- Honorary President: Lyuben Dilov Jr.
- Chairman: Dragomir Stefanov
- Founder: Lyuben Dilov Jr.
- Founded: 10 December 1996
- Registered: February 1997
- Headquarters: Sofia, Bulgaria
- Ideology: National conservatism Bulgarian nationalism Right-wing populism
- Political position: Centre-right to right-wing
- National affiliation: GERB-SDS
- Colors: Yellow
- National Assembly: 0 / 240
- European Parliament: 0 / 17

Website
- www.gergiovden.eu

= George's Day Movement =

The George's Day Movement (Движение Гергьовден) is a nationalist political party in Bulgaria.

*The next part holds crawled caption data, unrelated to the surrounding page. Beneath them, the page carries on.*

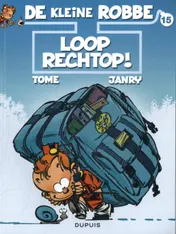 Omslag van Loop rechtop!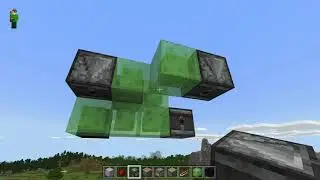 Учебник по созданию двухстороннего летающего аппарата с TNT (Minecraft Bedrock Edition)
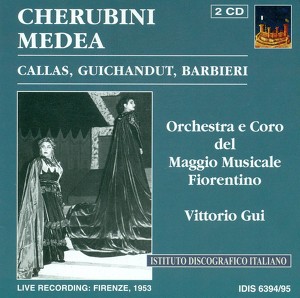 Cherubini, L.: Medea [Opera] (1953) Albumcover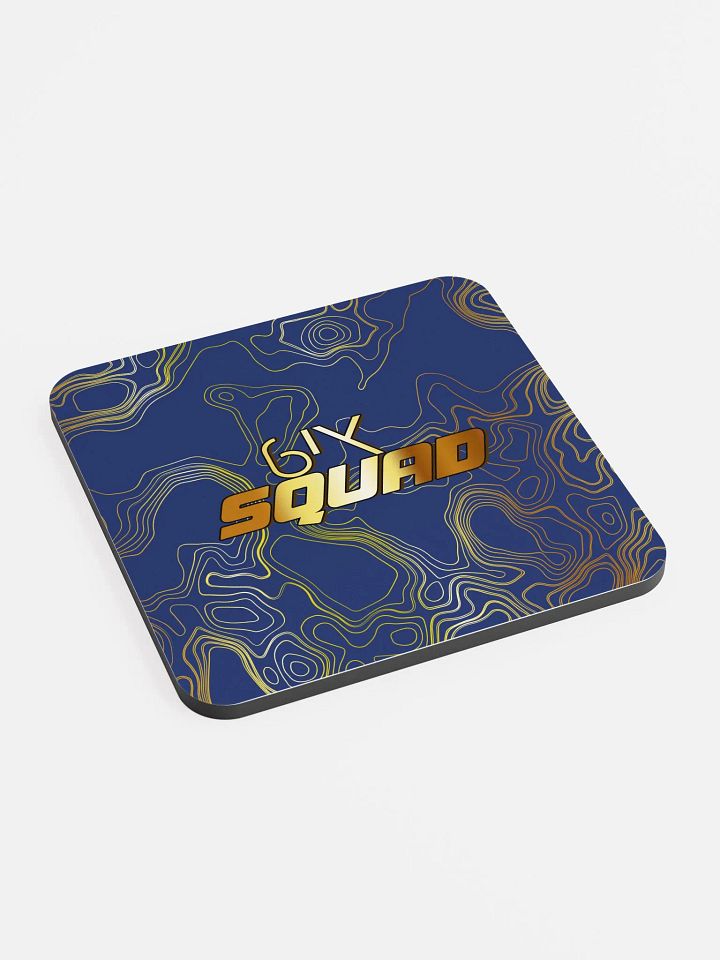 Blue&Gold 6ix Squad Coaster product image (2)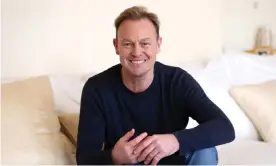  ??  ?? Jason Donovan extolled the benefits of having a fire extinguish­er and quipped that he was glad he had his pyjamas on. Photograph: Jonathan Brady/PA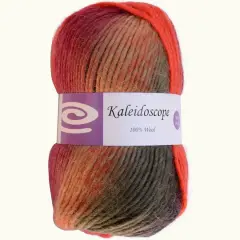 Elegant Yarns&reg; Kaleidoscope Yarn Autumn Leaves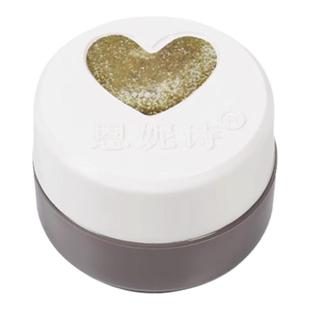 恩妮诗新款小香风素材胶画法式胶爆闪碎钻亮片指甲油胶美甲店专用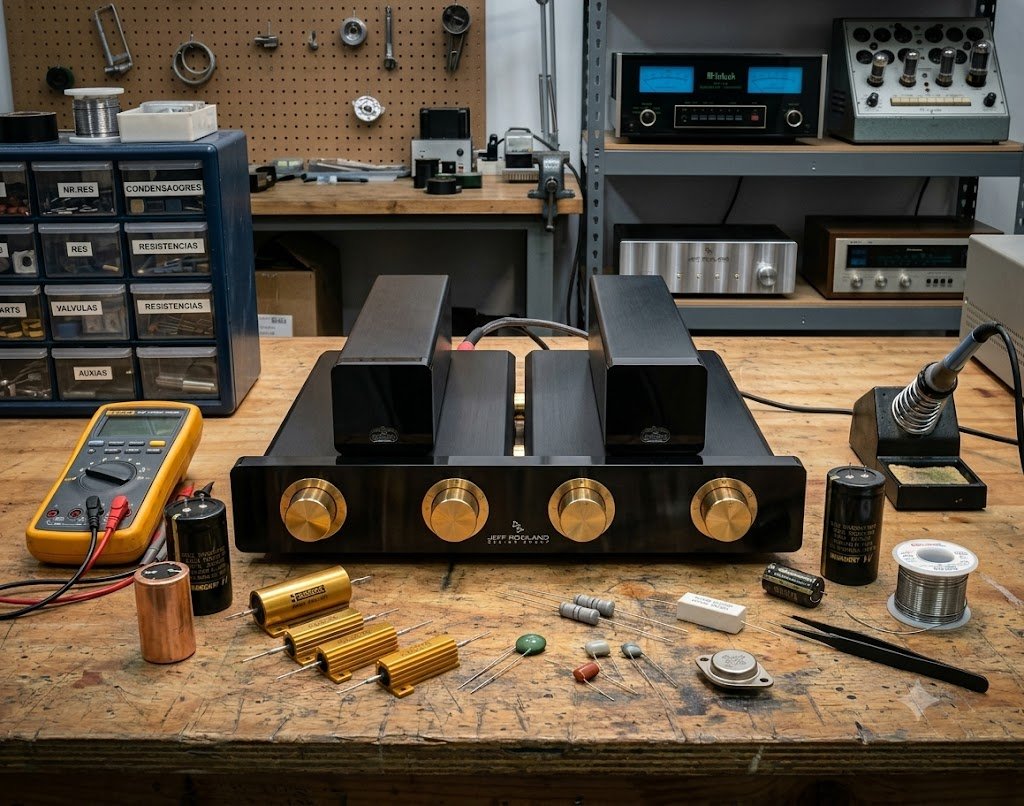 bel canto Upgrade Cayin CS-55 A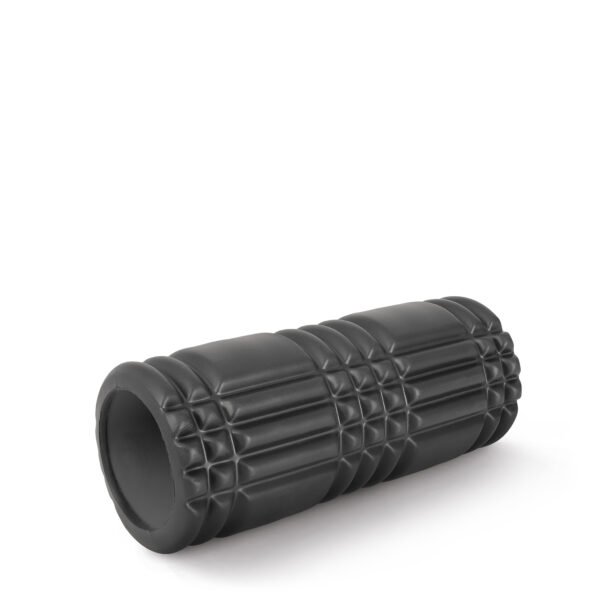 AMILA Foam Roller Plexus Φ14x33cm Μαύρο 96806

The party was founded in December 1996 by members of the political satire television programme Canaletto. Members of the show, which succeeded Ku-Ku in the mid-1990s, participated in the 1997 Bulgarian protests, and had previously tried to create a party named the Ku-Ku People’s Movement in 1994, but the registration was denied by the Supreme Court of Cassation of Bulgaria, with tacit support from the two major political parties at the time, the Union of Democratic Forces and the Bulgarian Socialist Party. The founder of the party, Lyuben Dilov Jr. estimated that had it run in the 1997 parliamentary election, the party could have earned roughly 10% of the vote and over 30 seats in the parliament. Ultimately, it opted to instead focus on the local elections held in 1999, until which time it de facto operated as a union of clubs alongside the Civil Society Against Corruption Association. Future There Is Such a People founder Slavi Trifonov was a supporter of the party during this time and a member of the television program Ku-Ku and its successor.

It joined the United Democratic Forces before the 2005 elections. The party participated in an electoral coalition with GERB and the Union of Democratic Forces since elections in 2021.